Usefulness of mycophenolate mofetil in Indian patients with C3 glomerulopathy.

BACKGROUND: C3 glomerulopathy (C3G) is a heterogeneous disease caused by alternative complement pathway abnormalities without any standardized treatment. An immunosuppressive agent, mycophenolate mofetil (MMF), has been recently shown to be useful in treating C3G, mainly in studies from the west.
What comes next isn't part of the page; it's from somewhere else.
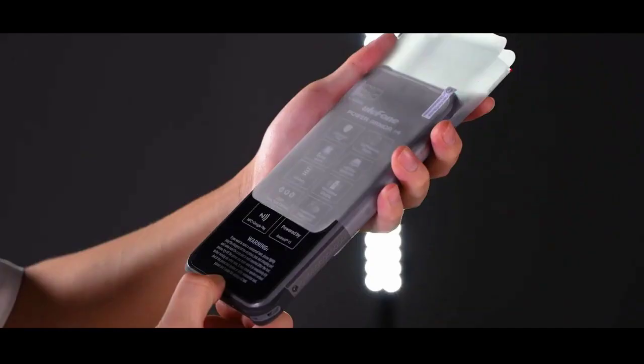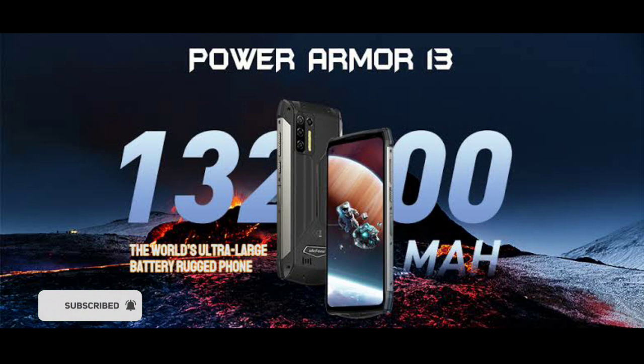It was confirmed that the Power Armor 14 would not be as impressive as the Power Armor 13. For example, the Power Armor 14 has been confirmed to have a 10,000 milliamp-hour battery. While the battery is still big and still massive, it's still a lot lower than that of the Power Armor 13.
We report the clinical outcome of 17 Indian C3G patients treated with MMF with or without steroids.
METHODS: The clinical and histology details of the C3G patients treated with MMF for at least 6 months with a follow-up of at least 12 months were retrieved from the medical records of our center.
RESULTS: The median serum creatinine and proteinuria at presentation were 0.8 mg/dL and 3.7 g/day, respectively, with the majority (88.2%) presenting as nephrotic syndrome. The mean dose of MMF was 1.65 (±0.56) g/day, and the median duration of MMF therapy was 18 months. Two-thirds (64%) of the patients responded to the treatment, with complete remission in 4 (23%) and partial remission in 7 (41%) (median time: 9 months). Three patients progressed to end-stage renal disease (ESRD) on follow-up. Of the three patients, one (33%) had an initial response in proteinuria to MMF but did not respond after a relapse and subsequently progressed to ESRD and two (67%) other patients were nonresponsive to MMF from the start of the therapy.
CONCLUSION: Despite a small sample size and lack of a control arm, this study describes the effectiveness of MMF in treating C3G patients from Asia and forms a basis for future randomized trials.

INTRODUCTION

Isolated C3 glomerular deposits are pathognomonic of C3 glomerulopathy (C3G) [1]. It includes two entities, namely dense deposit disease (DDD) and C3 glomerulonephritis (C3GN), differentiated by electron microscopy [1]. The presence of intense C3 staining without other immunoglobulin deposits in the glomerulus reflects the activation of the alternative complement pathway (AP). The origin of abnormal AP activation is either genetic mutations or autoantibodies involving complement regulating/activating genes, or both [2].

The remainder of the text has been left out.